A Many-Core Overlay for High-Performance Embedded Computing on FPGAs

In this work, we propose a configurable many-core overlay for high-performance embedded computing. The size of internal memory, supported operations and number of ports can be configured independently for each core of the overlay. The overlay was evaluated with matrix multiplication, LU decomposition and Fast-Fourier Transform (FFT) on a ZYNQ-7020 FPGA platform. The results show that using a system-level many-core overlay avoids complex hardware design and still provides good performance results.

💡 Research Summary

The paper presents a configurable many‑core overlay architecture designed for high‑performance embedded computing on FPGAs. Unlike traditional fixed‑function hardware accelerators, each core in the overlay can be independently parameterized with respect to local memory size, supported arithmetic operations, and the number of I/O ports.
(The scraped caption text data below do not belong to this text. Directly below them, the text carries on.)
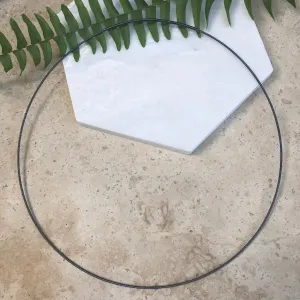 Sterling Silver Oxidized Cable Neck Wire Necklace 1.3mm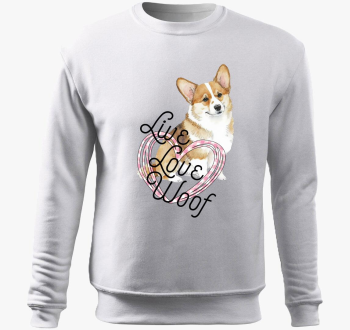 Corgi pulover s kapuco
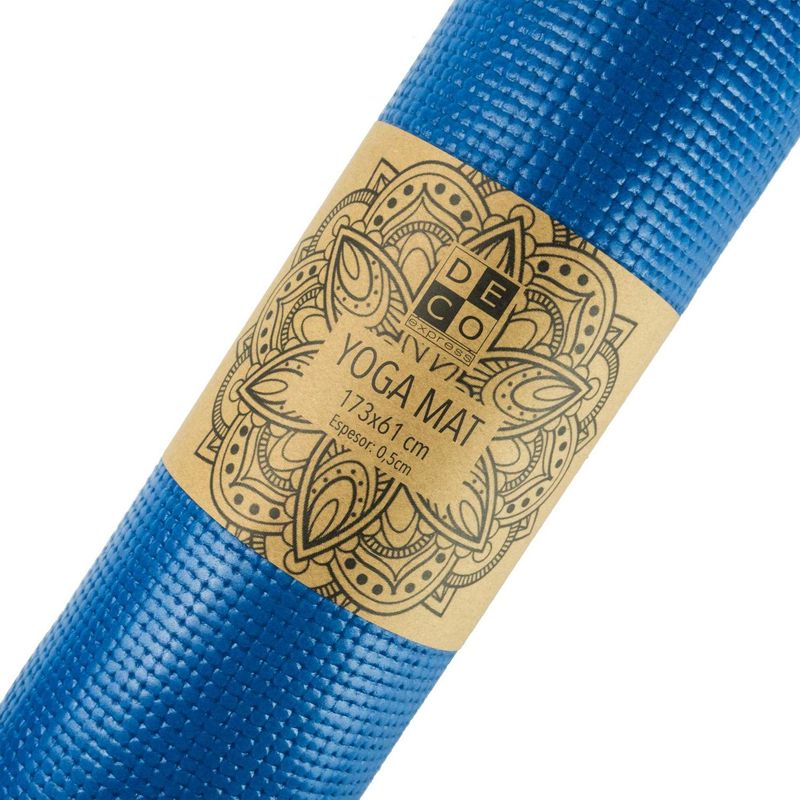 DECO EXPRESS - Yoga Mat Azul 61X173 cm Decoexpress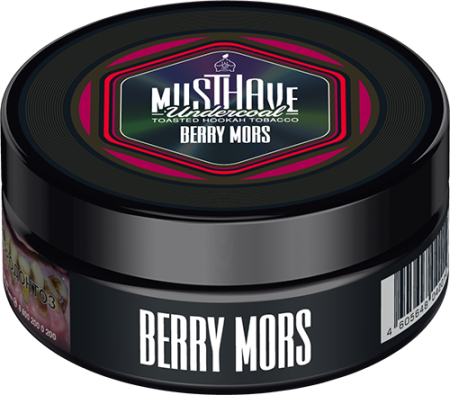 Must Have Berry Mors (Брусника, Черешня и Малина), 125 гр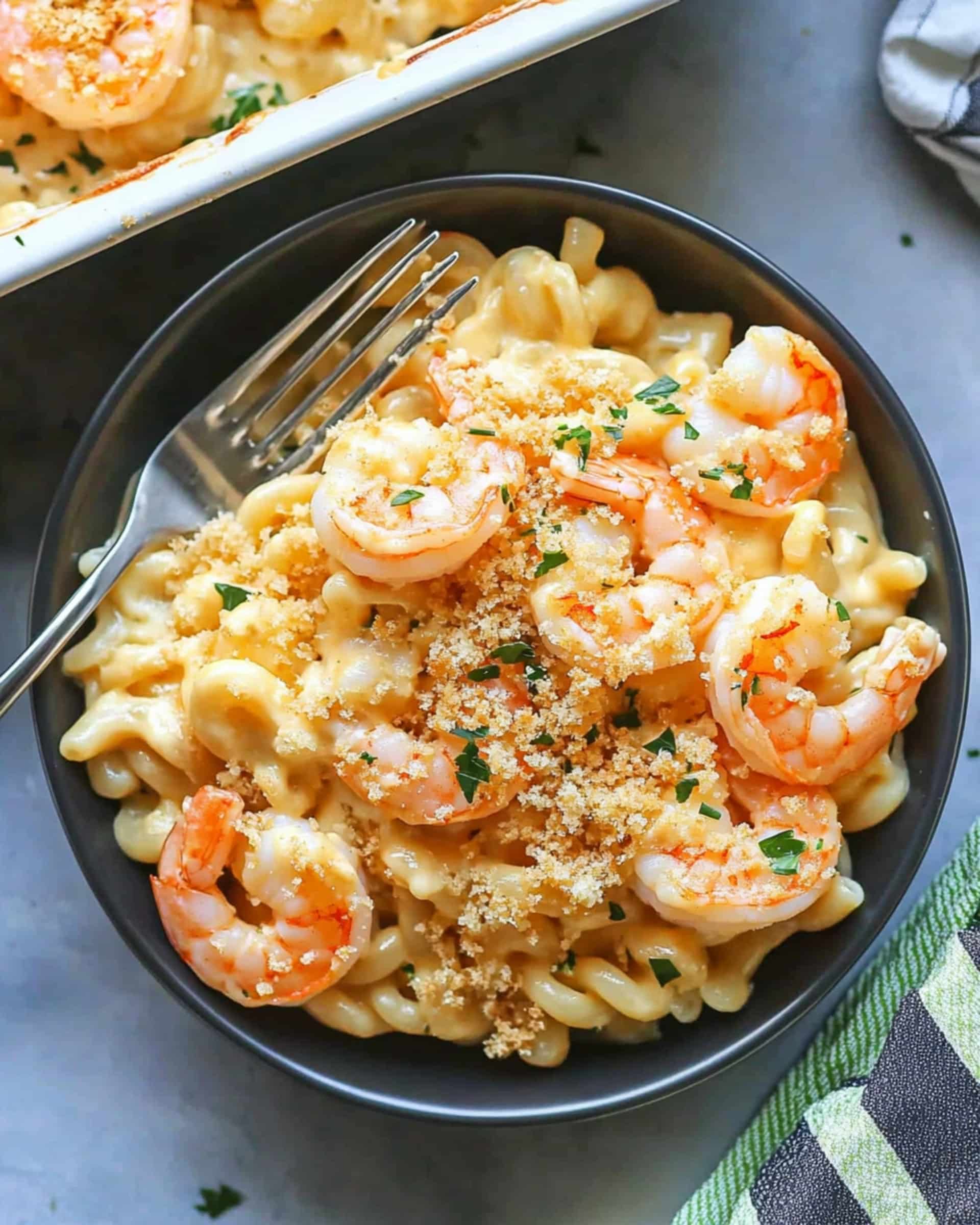 Shrimp Mac and Cheese Recipe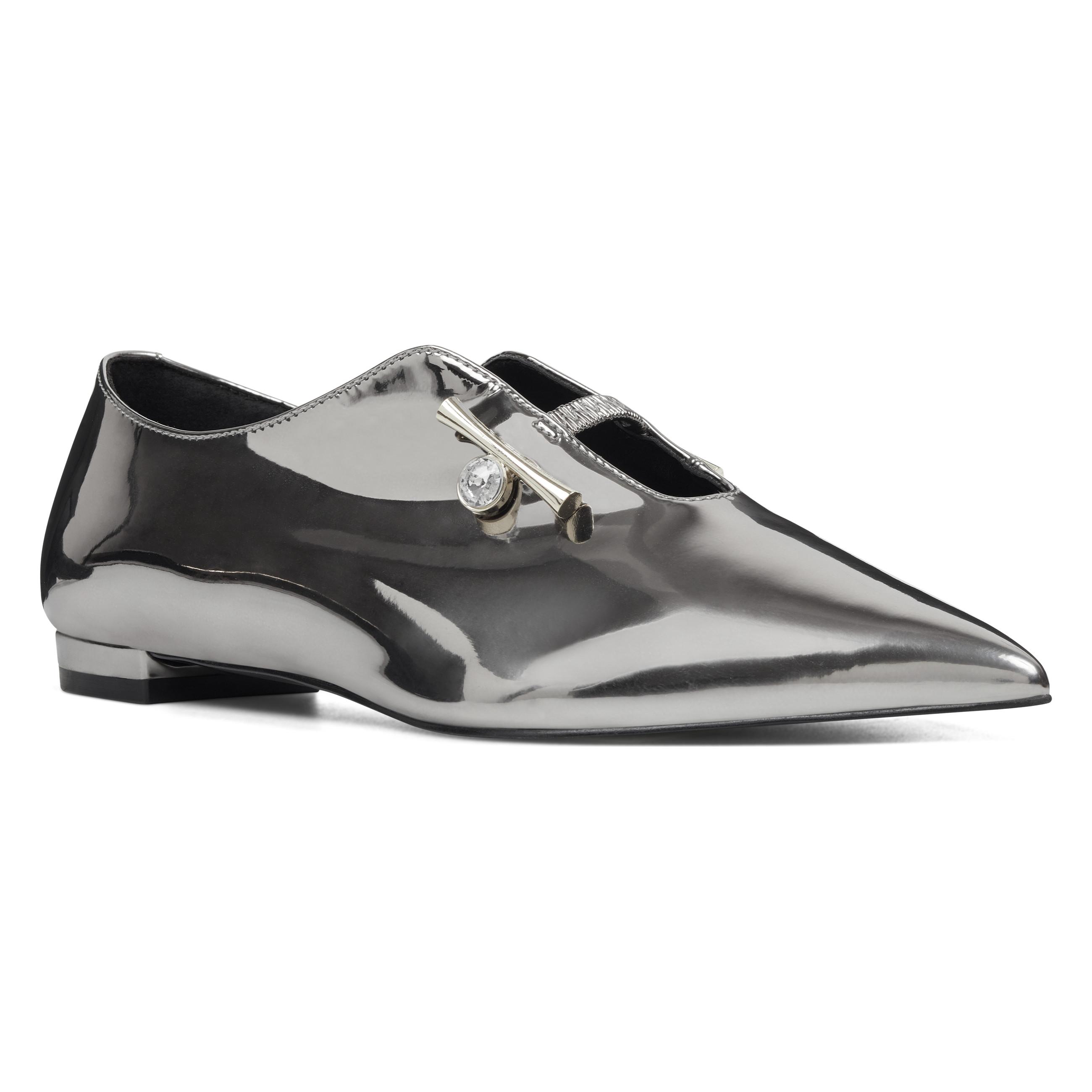 nine west aboveall pointy toe flats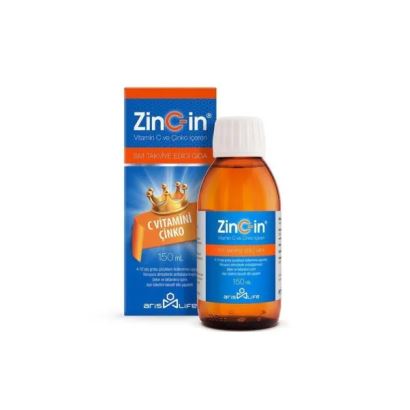 Zinc-In Şurup 150 ml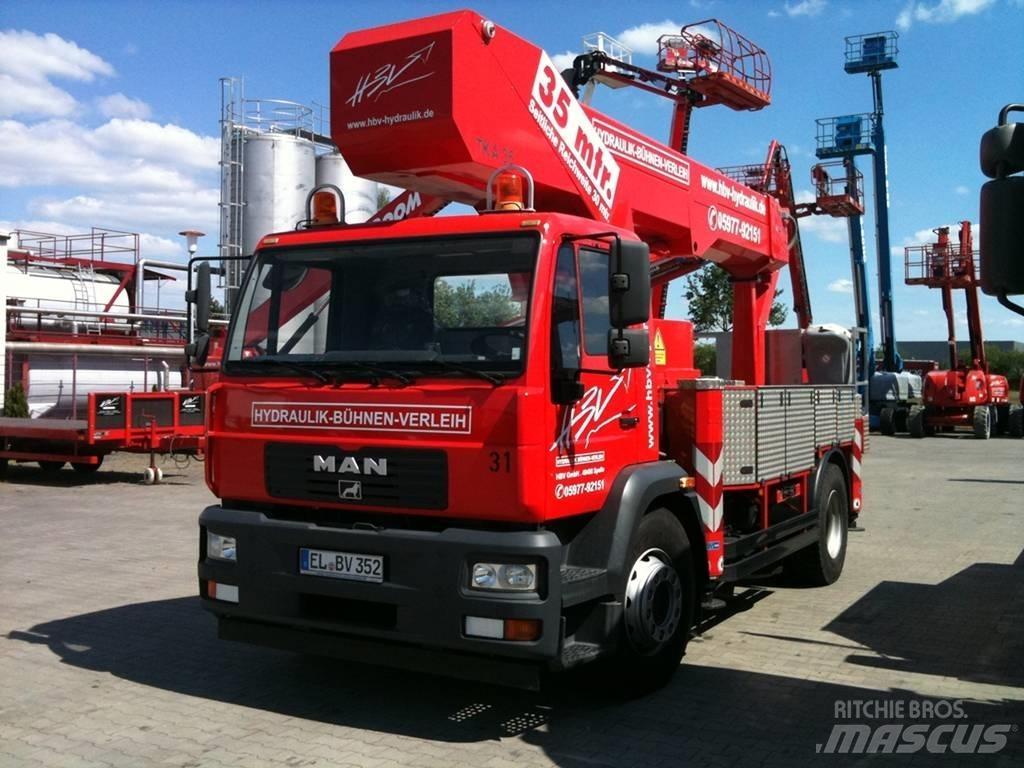 Palfinger TKA35KS LKW-Arbeitsbühnen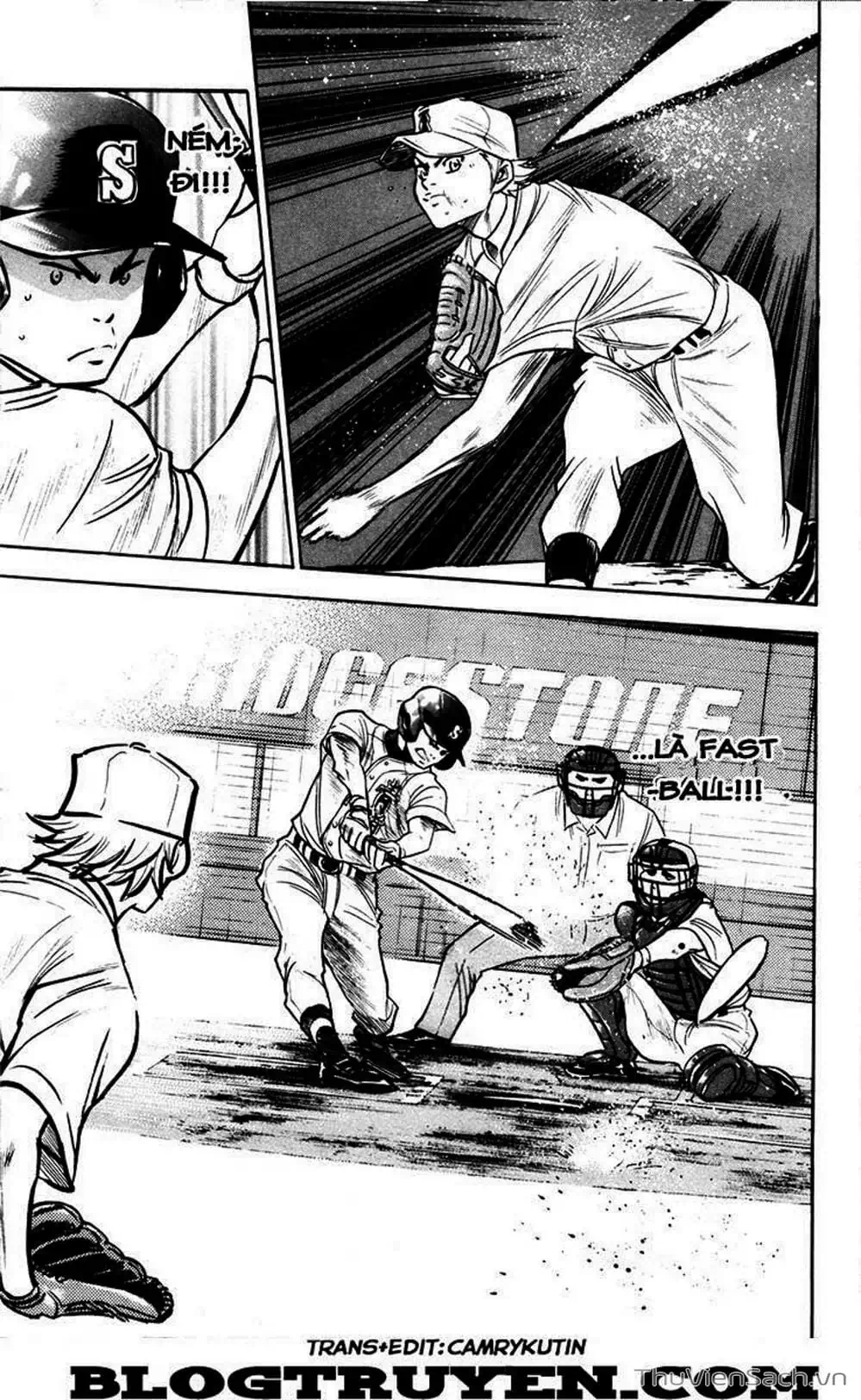 Truyện Tranh Đội Bóng Chày Siêu Đẳng - Ace Of Diamond trang 5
This flexibility enables designers to tailor the hardware to the specific data‑flow and computational characteristics of a target application without rewriting RTL code.

The overlay is built around three main components per core: (1) a local BRAM‑based memory subsystem organized as multi‑banked blocks that can service several concurrent data streams, (2) an arithmetic unit that includes a pipelined multiply‑accumulate (MAC) block, optional floating‑point units, and a dedicated FFT butterfly engine, and (3) an interface layer that combines AXI‑Lite for control with AXI‑Stream for high‑bandwidth data movement. Port count is selectable from one to four, each port supporting up to 256‑bit widths, allowing the designer to balance bandwidth against resource usage.

A high‑level domain‑specific language (DSL) is used to describe core parameters. An automated toolchain translates the DSL description into synthesizable RTL, generates Vivado project files, performs resource estimation, and runs timing analysis. This flow dramatically reduces design and verification time compared to hand‑coded RTL.

The authors evaluate the overlay on a Xilinx ZYNQ‑7020 (XC7Z020) platform using three benchmark kernels: dense matrix multiplication (N = 256), LU decomposition (N = 128), and a 1024‑point Fast Fourier Transform. Configurations with 4, 8, and 16 cores are tested; each core is provisioned with 8 KB of BRAM, two I/O ports, and the MAC plus FFT units. Performance metrics include execution time, resource utilization (LUT, FF, BRAM, DSP), power consumption, and overall development effort.

Results show that the overlay achieves competitive throughput while offering substantial productivity gains. In the matrix‑multiply case, the 8‑core configuration reaches 1.3 GFLOPS, roughly 15 % higher efficiency than a hand‑crafted RTL accelerator of comparable size. LU decomposition benefits from the pipeline‑friendly MAC units, delivering 0.9 GFLOPS with minimal data‑dependency stalls. The FFT kernel attains over 85 % of the theoretical peak performance, demonstrating that the dedicated butterfly engine integrates well with the shared memory and port infrastructure. Resource usage scales predictably: the 16‑core design consumes about 68 % of the available LUTs and 55 % of DSP slices on the ZYNQ‑7020, leaving headroom for additional logic. Power measurements indicate that dynamic voltage and frequency scaling (DVFS) combined with per‑core power gating can reduce consumption by up to 30 % under light workloads.

The authors discuss both strengths and limitations. The primary advantage is rapid prototyping: the same overlay can be re‑configured for different algorithms without hardware redesign, shortening time‑to‑market. Fine‑grained control over memory and port resources allows efficient mapping of diverse data‑intensive kernels. However, the current shared‑bus interconnect can become a bottleneck when scaling to very large core counts, leading to contention and reduced bandwidth. Moreover, the provided arithmetic units are optimized for integer and moderate‑precision floating‑point workloads; high‑precision scientific computing would require additional specialized pipelines.

Future work is outlined in three directions: (1) replacing the shared bus with a scalable Network‑on‑Chip (NoC) to improve inter‑core communication bandwidth, (2) extending the DSL and backend to automatically generate custom arithmetic pipelines for user‑defined operations, and (3) integrating more sophisticated power‑management policies that exploit workload prediction.

In conclusion, the paper demonstrates that a configurable many‑core overlay can deliver high performance for embedded applications while dramatically simplifying the hardware design process. By decoupling algorithmic requirements from low‑level hardware implementation, the proposed overlay offers a practical pathway for developers to exploit FPGA resources efficiently in domains such as signal processing, linear algebra, and real‑time data analytics.